When the Second World War ended and the Iron Curtain drew over Eastern Europe many people escaped to the democratic West any way they could and for Giselle Roeder that meant experiencing the sensation of flying for the very first time.

“Most people were put in a train that never stopped to West Germany from East Germany, but I flew,“ Roeder recalled about her 1955 escape to West Germany. “I thought it was incredible to look down over East Germany and know they could shoot you down.”

Roeder’s escape is just one of a handful of memories documented in her newest book, We Don’t Talk About That: An Amazing Story of Survival.

“It reads like a novel,” Roeder said about the book. “It is the life of ordinary families, during the rise of Hitler’s time and how we all learned to shut up because we would be put in concentration camp, it didn’t matter what religion you were.

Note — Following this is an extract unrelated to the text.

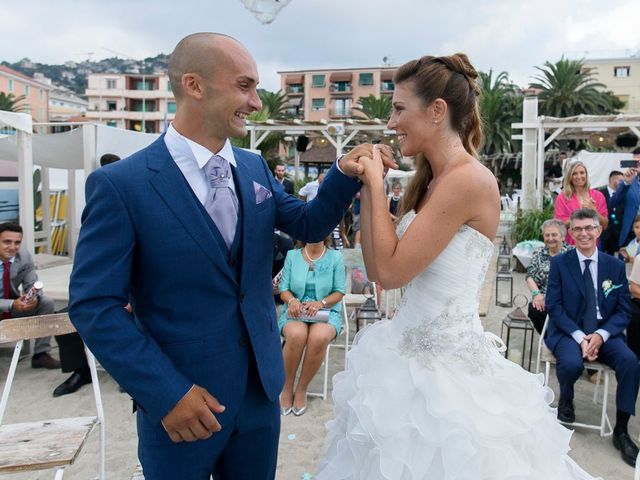 Il matrimonio di Fabio e Sara a Albissola Marina, Savona 21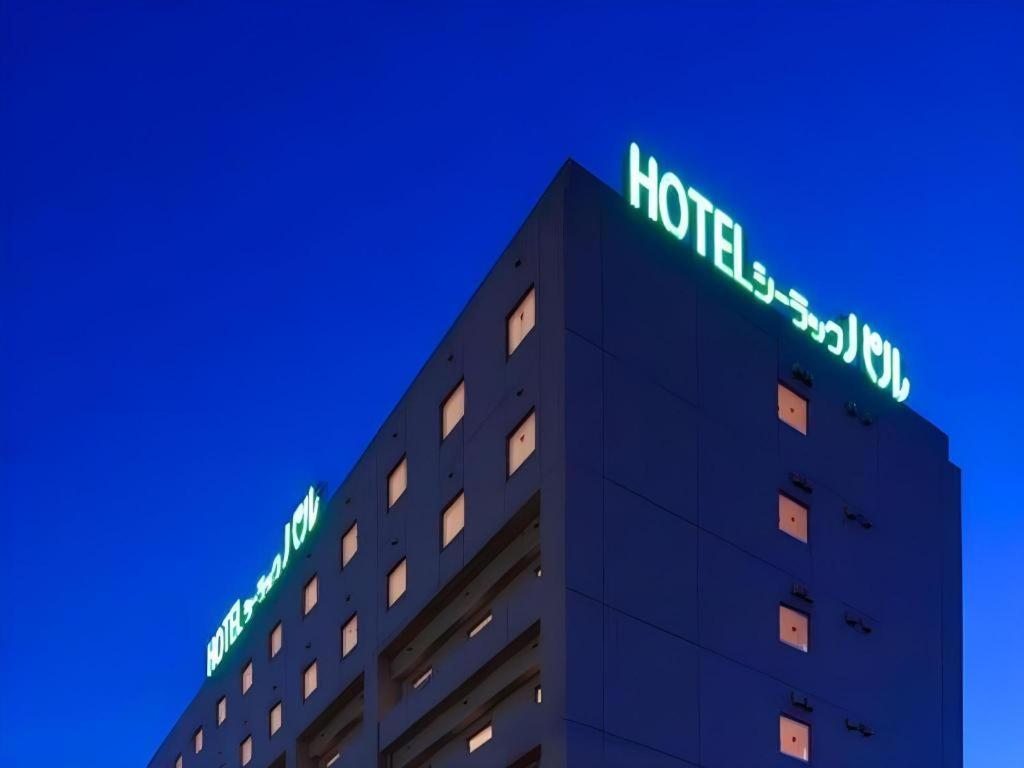 Hotel Sealuck Pal Takasaki Exterior photo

You didn’t need to be a Jew to go to the concentration camp.”

Roeder, who now resides in the Harbour City, will be signing copies of her book at Woodgrove Centre on Friday (June 27).

“We didn’t talk about things because we didn’t know who was an informer and the same thing happened all over again in … in East Germany,” Roeder said.

We Don’t Talk About That chronicles life in Germany after the First World War as well as life during and after the Second World War. The book focuses around a little German girl named Gila, who is forced to escape East Germany and struggles to find her footing in West Germany. Although the book details the horrors of war, it also contains moments of innocence.

“I always add innocent childhood memories, not to make it too hard on the reader,” Roeder said. “The reader will laugh, they will chuckle, and maybe at one time they will also cry ... especially when the Russians come in and all that rape was going on.”

While writing the book, Roeder experienced frequent nightmares and often found herself re-living the horrific events.

“The worst nightmare I ever had was when we were evicted the first time and we were walking over this field, where they [Russians and Germans] had been fighting the day before and there were bodies lying around,” she said.

Roeder signs copies of her book on Friday at the RBC branch in Woodgrove Centre from 11 a.m. until 2 p.m.